Rückkehr ist Schicksal. Eine Rückkehr in das kleine Dorf und die sandige, stachelige Natur, zusammengeträumt anhand von unveränderlichen Kindheitserinnerungen. In meiner Straße am Saum der Bucht ging ich in der Menge unter. Ich, das stille kleine Mädchen. Als Baby weinte ich so selten, dass meine Mutter mich anstieß, um sich zu vergewissern, dass ich noch atme.

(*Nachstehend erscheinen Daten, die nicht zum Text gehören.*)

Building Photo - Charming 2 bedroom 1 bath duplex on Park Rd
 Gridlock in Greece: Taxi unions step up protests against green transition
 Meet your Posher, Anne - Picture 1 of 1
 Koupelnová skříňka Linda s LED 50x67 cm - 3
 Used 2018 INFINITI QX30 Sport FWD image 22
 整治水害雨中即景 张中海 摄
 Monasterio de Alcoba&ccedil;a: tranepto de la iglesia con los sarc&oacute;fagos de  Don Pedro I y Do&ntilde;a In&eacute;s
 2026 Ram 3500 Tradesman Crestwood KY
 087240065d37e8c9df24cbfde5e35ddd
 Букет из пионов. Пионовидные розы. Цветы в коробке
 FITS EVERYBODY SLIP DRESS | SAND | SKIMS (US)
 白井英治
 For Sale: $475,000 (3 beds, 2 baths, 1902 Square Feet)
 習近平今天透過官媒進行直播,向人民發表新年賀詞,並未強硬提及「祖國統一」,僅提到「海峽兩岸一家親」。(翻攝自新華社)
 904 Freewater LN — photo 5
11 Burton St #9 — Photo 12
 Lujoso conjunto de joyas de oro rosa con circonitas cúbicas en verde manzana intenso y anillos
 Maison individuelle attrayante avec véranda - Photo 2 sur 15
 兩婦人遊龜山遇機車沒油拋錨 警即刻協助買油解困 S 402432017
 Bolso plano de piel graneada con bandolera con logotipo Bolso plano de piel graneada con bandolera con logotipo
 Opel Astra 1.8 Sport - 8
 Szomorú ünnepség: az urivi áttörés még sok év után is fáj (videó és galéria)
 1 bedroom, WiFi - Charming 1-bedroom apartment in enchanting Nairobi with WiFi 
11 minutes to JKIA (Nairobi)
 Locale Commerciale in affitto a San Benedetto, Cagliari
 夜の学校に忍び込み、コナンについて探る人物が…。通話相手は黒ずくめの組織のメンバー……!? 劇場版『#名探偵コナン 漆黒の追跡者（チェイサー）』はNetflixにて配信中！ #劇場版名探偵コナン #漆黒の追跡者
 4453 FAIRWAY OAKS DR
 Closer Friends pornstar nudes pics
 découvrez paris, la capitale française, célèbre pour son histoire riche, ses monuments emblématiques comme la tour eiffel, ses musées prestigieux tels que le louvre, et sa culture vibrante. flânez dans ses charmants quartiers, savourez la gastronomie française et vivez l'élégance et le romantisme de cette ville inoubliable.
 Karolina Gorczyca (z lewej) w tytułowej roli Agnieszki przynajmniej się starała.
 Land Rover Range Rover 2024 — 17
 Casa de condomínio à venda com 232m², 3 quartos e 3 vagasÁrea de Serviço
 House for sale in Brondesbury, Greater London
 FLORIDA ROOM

Als Kind weinte ich so selten, dass meine Mutter mich einmal draußen auf den Stufen vergaß. Später ließ mich die sonderbare Gerechtigkeit des Lebens jede einzelne Träne nachholen. Mein beiges Haus zu verlassen bedeutete, alles zu verlassen. Auch wenn „alles“ nicht viel ist, weil man fast nichts hat. Ein weißes Metallbett, eine gemusterte Wolldecke. Ein Puppenhaus, ein Spielzimmer mit blauem Betonboden im Keller. Den ganzen Winter über rote Wangen von der Kälte, im Sommer braun gebrannt wie die Kinder im Süden. Vielleicht werde ich irgendwann ans Ufer dieser Bucht zurückkehren, meine Tante umarmen, in meinem alten Zimmer spielen.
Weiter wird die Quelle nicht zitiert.